The United States will consider a possible free trade agreement (FTA) with the Philippines following a bilateral meeting during the ongoing Association of Southeast Asian Nations Summit, a Cabinet official said.

“[W]e were able to raise to President (Donald) Trump and US delegation the growing trade between the two countries,” Trade Secretary Ramon Lopez told reporters.

Philippine President Rodrigo duterte (2-L) and US President donald Trump (L) hold a bilateral meeting on the sidelines of the 31st association of Southeast asian Nations (aSEaN) Summit and Related Meetings at the Philippine International Convention Center in Manila on November 13, 2017. POOL PHOTO

With the Philippines already enjoying a “little” trade surplus and incentives under the Generalized System of Preferences (GSP) program, he said that they forwarded a “wish to elevate the trade arrangements to start exploring the FTA with the US.”

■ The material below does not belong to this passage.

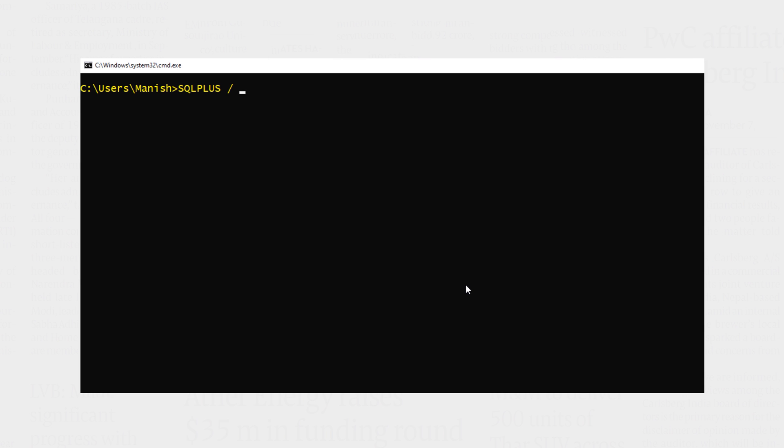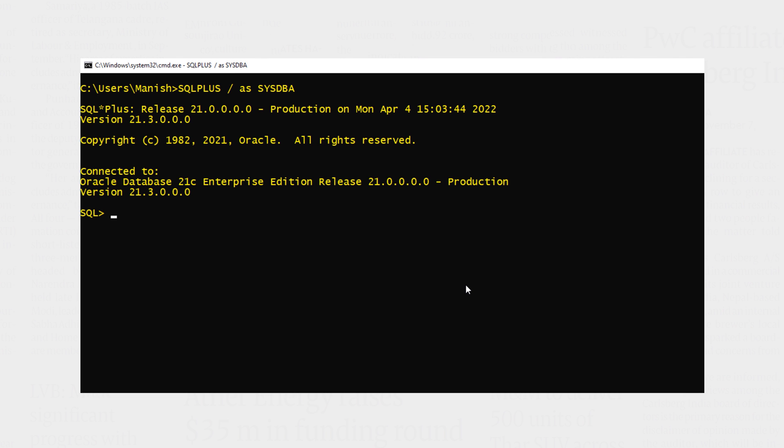Once you have enabled the archive log mode, next you can configure the location of your archived redo logs. For that you have to run an ALTER SYSTEM DDL like this. Log on to your database using sys user with SYSDBA privileges. This command will connect you to your database using sys user. Next we will run the ALTER SYSTEM command.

“President Trump welcomed the suggestion and said they will consider exploratory talks,” Lopez announced.

Trade Undersecretary Ceferino Rodolfo earlier this year noted that with the US having dropped out of the proposed Trans-Pacific Partnership, the Philippines’ options with regard to increased access to American consumers were limited to GSP enhancements or an FTA.

Following a bilateral meeting in July, the Office of the US Trade Representative (USTR) said officials had agreed to “foster free, fair and balanced trade” under an existing Trade and Investment Framework Agreement (TIFA).

Lopez in June announced that the USTR had expanded the Philippines GSP privileges to include travel goods such as bags, wallets and backpacks, which would now enjoy zero duty after previously being charged tariffs starting at 6 percent.

Based on latest official data, the US was the country’s top export market in September, accounting for 14.3 percent or $802.6 million of total outbound shipments.

It ranked fourth in terms of imports with a 7.5 percent share or $561.27 million.